Pada kesempatan itu, bupati menyampaikan bahwa, maksud dan tujuan dilaksanakan MTQ ini sebagai upaya Pemerintah meningkatkan dan menumbuh kembangkan kecintaan terhadap bacaan Alquran.

“MTQ salah satu ajang syiar agama untuk semua umat muslim. Sehingga harus kita lestarikan dan laksanakan secara resmi, “ ucap bupati.

Bupati juga melihat saat pengumuman pemenang, ada beberapa Kecamatan sangat bergembira, karena utusan atau kafilahnya mendapatkan juara. Tapi, ada juga yang belum mendapat juara.

“Bagi yang belum dapat juara, tingkatkan lagi. Jangan pernah kita kecewa, karena sebenarnya membaca Alquran ini tidak untuk dilombakan tapi diwajibkan bagi seluruh umat muslim. Kenapa dilombakan, karena untuk mencari para hafiz dan mencari bibit-bibit anak muda yang hebat untuk melafazkan atau membaca Alquran dengan baik,“ terang bupati.

Bupati pun mengatakan, ketika masih ada generasi yang membaca Alquran dengan baik, melafazkan kitab Allah dengan baik, maka dia sebagai bupati yakin dan percaya akan ada banyak keberkahan yang didapat.

“Akan melimpah keberkahan yang akan kita dapat ketika generasi kita dididik dengan cara seperti ini. Memperdalam ilmu agama, mengaji, memperlombakan dan melafalkan ayat-ayar Alquran itu luar biasa,“ kata orang nomor satu di Boltim ini.

Lebih lanjut bupati mengatakan, bahwa masalah yang dihadapi saat ini tak hanya Indonesia tapi seluruh dunia, dimana anak-anak itu sudah mulai melupakan budaya membaca Alquran.

Pasalnya menurut bupati, di era teknologi yang sudah mulai maju ini yang merambah ke seluruh kelompok masyarakat tanpa melihat batas usia, dimana anak-anak sekarang masih usia kelas 1 SD, kebanyakan sudah punya handphone.

“Hal ini tentu telah mengikis budaya kita untuk mengaji. Jadi perlu kita tumbuh kembangkan lagi agar ada kecintaan lagi terhadap membaca Alquran,“ ujar Mamonto.

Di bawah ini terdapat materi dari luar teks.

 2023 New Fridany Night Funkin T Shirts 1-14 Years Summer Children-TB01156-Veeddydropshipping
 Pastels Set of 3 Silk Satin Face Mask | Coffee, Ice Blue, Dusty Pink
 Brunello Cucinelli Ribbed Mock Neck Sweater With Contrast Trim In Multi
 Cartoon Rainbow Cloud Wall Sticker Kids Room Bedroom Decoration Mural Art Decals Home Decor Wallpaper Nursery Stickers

Diakhir sambutan, bupati menyampaikan bagi kafilah yang menang, akan diutus ke MTQ Tingkat Provinsi, dan mereka menjadi perhatian khusus.

“Saya minta kepada Kabag Kesra untuk mengawal kafilah Boltim sampai ke provinsi dan memfasilitasi mereka. Mudah-mudah mereka bisa berhasil dan mendapat juara,“ tandas Bupati Sachrul.

Diketahui, MTQ ke-7 ini, Kecamatan Modayag Barat kembali menyabet juara umum yang ke tujuh kalinya secara berturut-turut.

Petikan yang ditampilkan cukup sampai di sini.